Sebelum dibawa ke CV. Bahari Express, ikan sebelumnya dikumpulkan di tempat supplier sampai pukul 12.00, jadi lama penyimpanan saat pembongkaran yaitu 3
jam, setelah semua nelayan mengantarkan hasil tangkapannya. Penanganan pun dilakukan tidak sesuai dengan ketentuan penanganan menurut Ilyas 1993
sehingga ikan mempunyai pH 6,49. Supplier 3 yang berlokasi di daerah Cisolok, nelayan menggunakan alat
tangkap jaring rampus dan pancing layur. Ikan swanggi memiliki nilai pH paling asam dibandingkan kedua supplier lainnya yaitu sebesar 6,23, hal ini karena ikan
swanggi yang ditangkap oleh nelayan baru dikirimkan pukul 14.00, jadi lama
penyimpanan saat pembongkaran yaitu 5 jam, sehingga ikan telah mengalami penurunan nilai pH. Hasil tangkapan pun ditangani kurang sesuai dengan
ketentuan penanganan menurut Ilyas 1993. Pada umumnya, ikan yang baru saja mati memiliki pH alkalin dan kemudian
mencapai pH minimum pada saat rigor mortis sekitar 5,8 sampai 6,2 Rahayu et al., 1992. Fase rigor maksimum akan dicapai setelah ikan mati dengan kisaran
nilai pH 6,2 sampai 6,6 Ilyas, 1993. Nilai pH ikan swanggi pada saat pembongkaran berkisar antara 6,23 sampai 6,75, hal ini menunjukkan ikan baru
saja mati dan dalam tahap rigor mortis. Setelah ikan mati, sirkulasi darah terhenti mengakibatkan runtutan perubahan yang terjadi dalam ototjaringan ikan.
Berawal dari terhentinya sirkulasi darah yang mengakibatkan terhentinya suplai O
2
sehingga mempengaruhi metabolisme dalam tubuh.

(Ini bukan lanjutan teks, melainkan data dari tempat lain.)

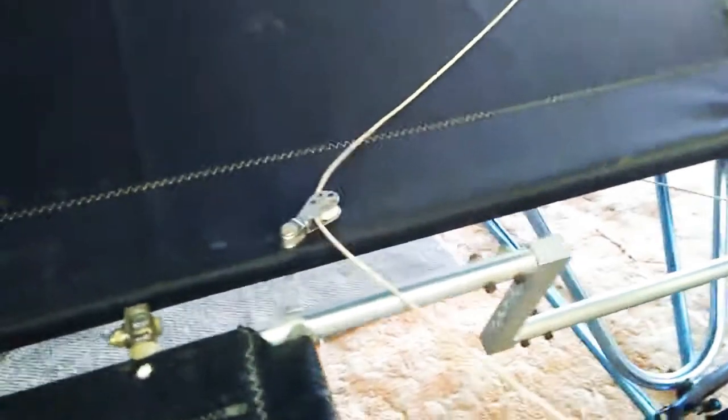This is your rudder control. It runs a series of cables — one goes there, and there's another one that goes the other side.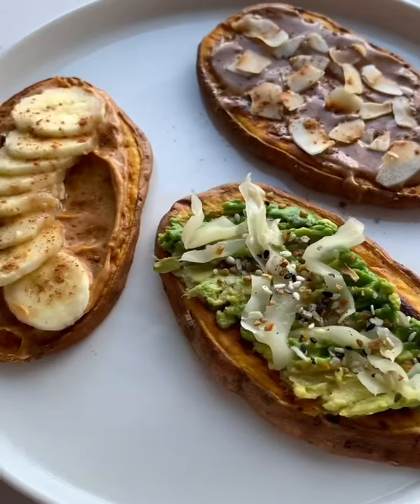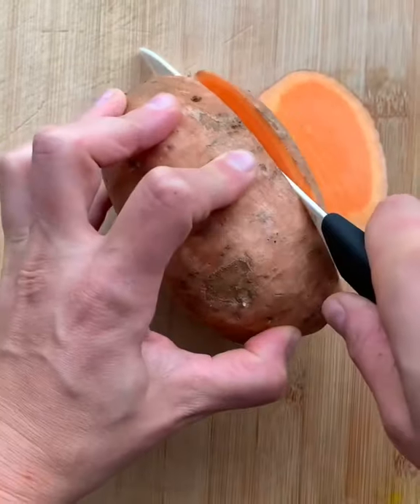This sweet potato toast is the best way to get in some healthy carbs. You can have it sweet or savory and it's so easy to make.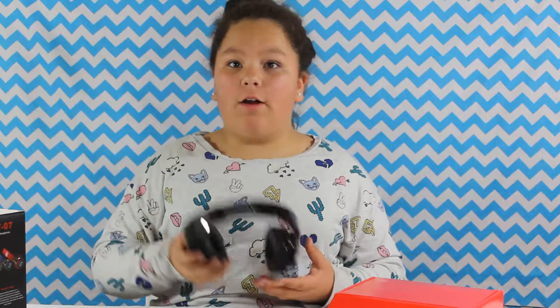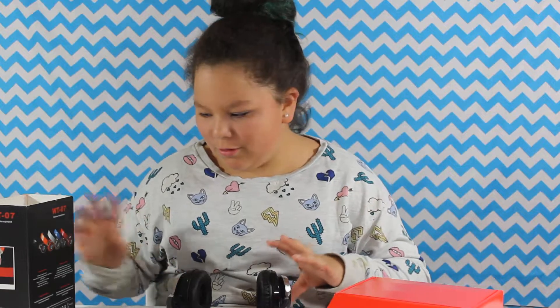Hey guys, it's Australia just from momk.com, and today I'm going to be reviewing some Bluetooth headphones. I just tried these out and I love them already.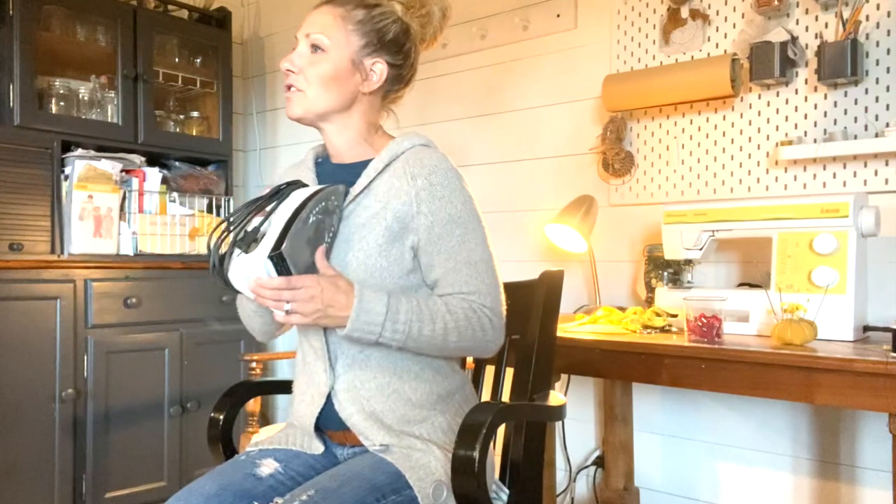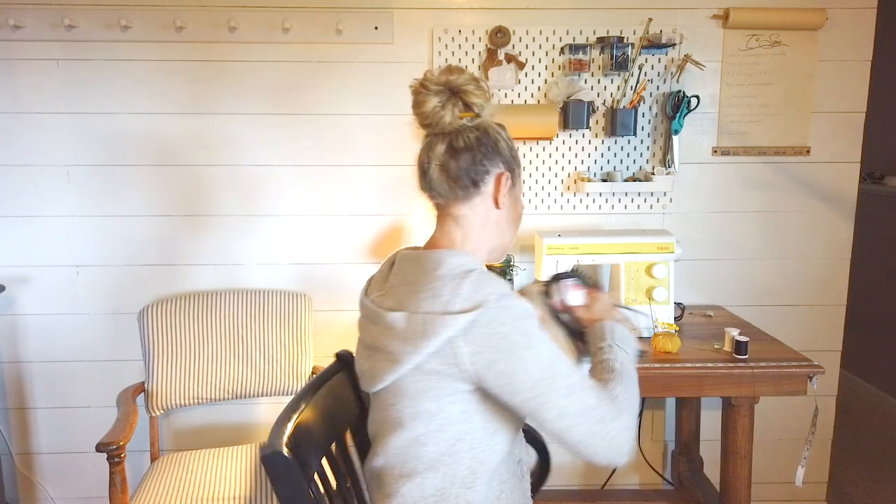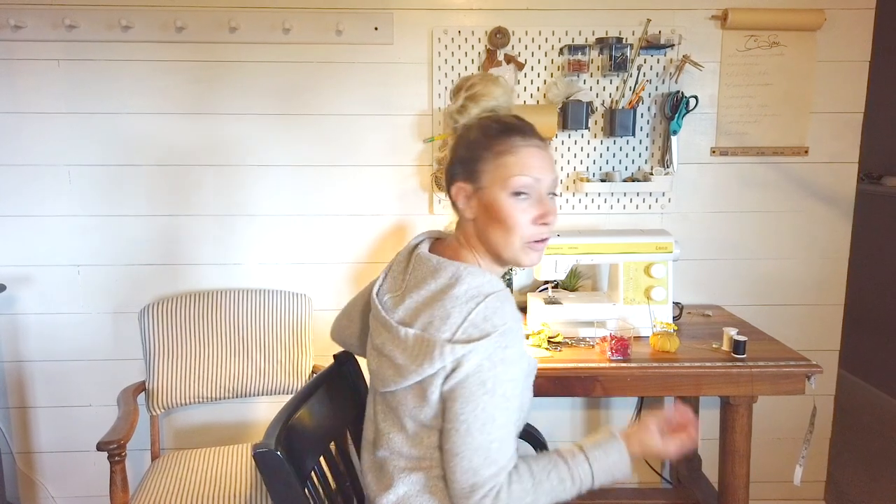The next thing you'll want is an iron — many of you may already have one. Mine is very old, probably from the 80s, but I love it because it gets really, really hot. Newer irons sometimes don't get hot enough. You'll use an iron to press seams, open up hems, and that kind of thing, so an iron is definitely on the list. I don't do a lot of ironing normally, but I do use my iron a lot more for sewing projects.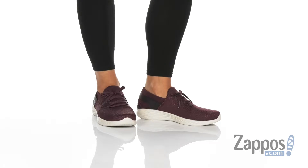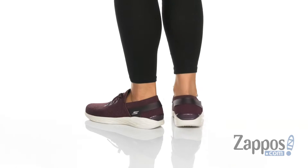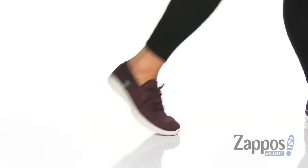Hey everyone, it's Abigail from zappos.com and this is the U-Motion by Skechers Performance. These shoes come with a knit fabric upper that feels soft and features a metallic sparkle finish.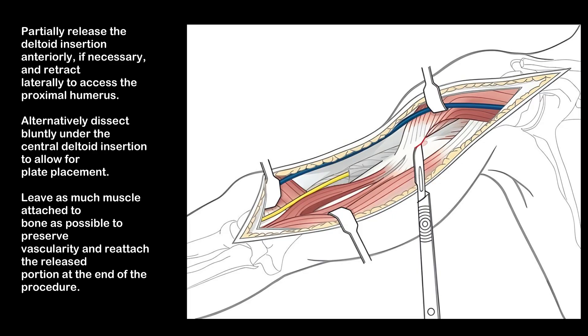Partially release the deltoid insertion anteriorly, if necessary, and retract laterally to access the proximal humerus. Alternatively, dissect bluntly under the central deltoid insertion to allow for plate placement. Leave as much muscle attached to bone as possible to preserve vascularity, and reattach the released portion at the end of the procedure.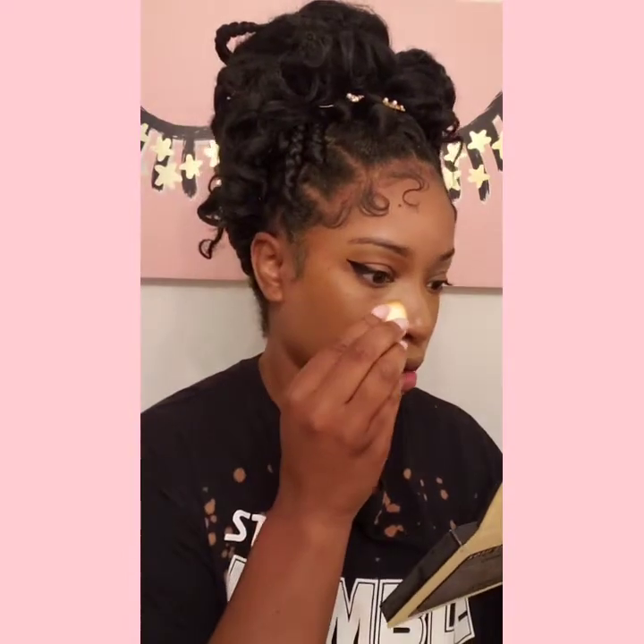Now I'm going to set all my concealer spots with my Maybelline Fit Me Powder in shade Medium 25. Drugstore stuff — I've been mixing it up. Using the same e.l.f. Camouflage Sponge. You can see the difference between this side and this side — yeah, you can tell a little bit.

Pernapasan terhenti dan mengakibatkan terjadinya proses glikolisis yang mengubah glikogen menjadi
asam laktat yang akan menurunkan pH tubuh sehingga membebaskan dan mengaktifkan katepsin Eskin, 1990. Sehingga saat proses produksi dan saat di
pasar pH ikan swanggi sudah turun karena adanya proses perubahan glikogen menjadi asam laktat.
Berdasarkan Tabel 10, dapat dilihat bahwa pH ikan swanggi yang diperoleh lebih dipengaruhi oleh waktu pengiriman ikan ke CV. Bahari Express
dibandingkan alat tangkap yang digunakan. Semakin lama waktu pengiriman dilakukan maka nilai pH ikan swanggi akan cenderung lebih rendah. Hal ini
disebabkan proses glikolisis sudah mulai berlangsung, yang mengubah glikogen menjadi asam laktat sehingga akan menurunkan pH Eskin, 1990.